-- TASK DATA --

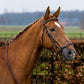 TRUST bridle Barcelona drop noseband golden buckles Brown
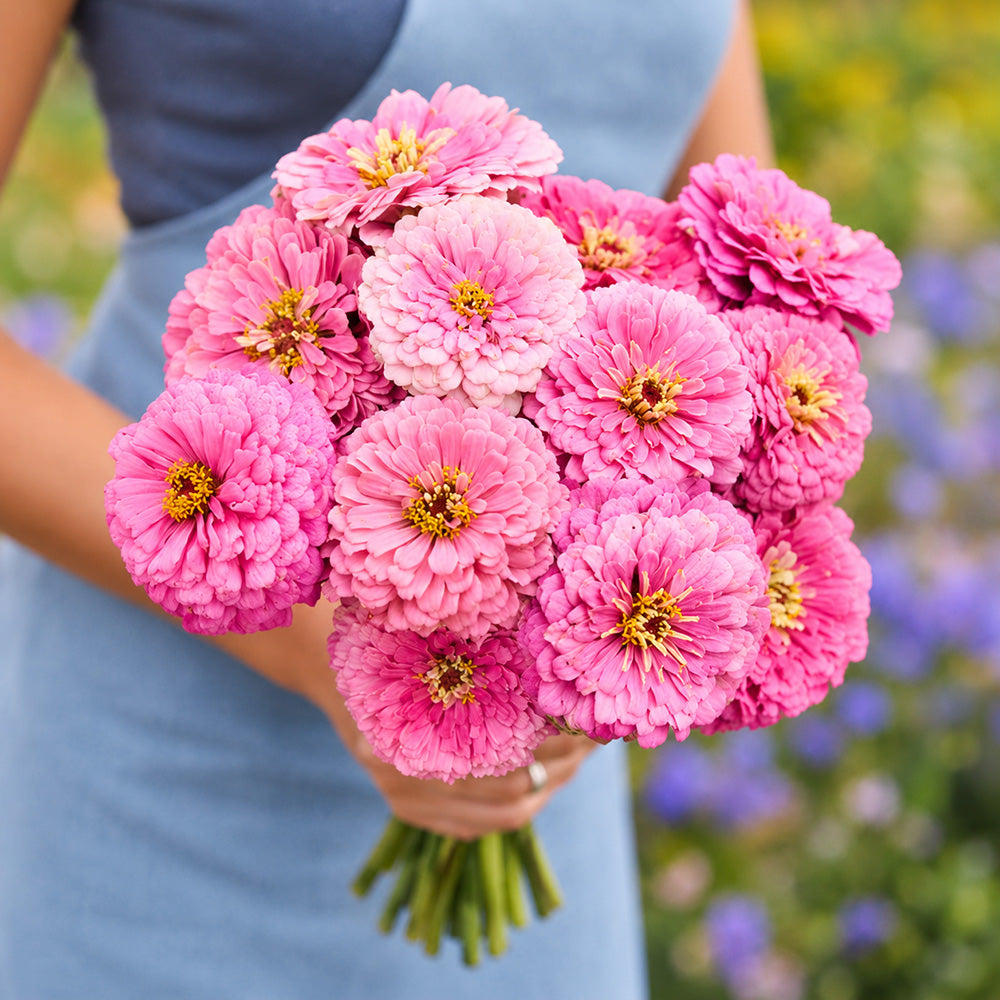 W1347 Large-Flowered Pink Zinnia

---

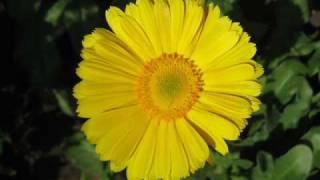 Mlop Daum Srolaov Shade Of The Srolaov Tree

-- DESCRIPTION OF THE TASK --
Of the lines above, copy only those from the one holding "TRUST bridle Barcelona" to the one holding "W1347 Large-Flowered Pink Zinnia", both included, and exclude every image.

-- SOLUTION TO THE PROBLEM --
 TRUST bridle Barcelona drop noseband golden buckles Brown
 W1347 Large-Flowered Pink Zinnia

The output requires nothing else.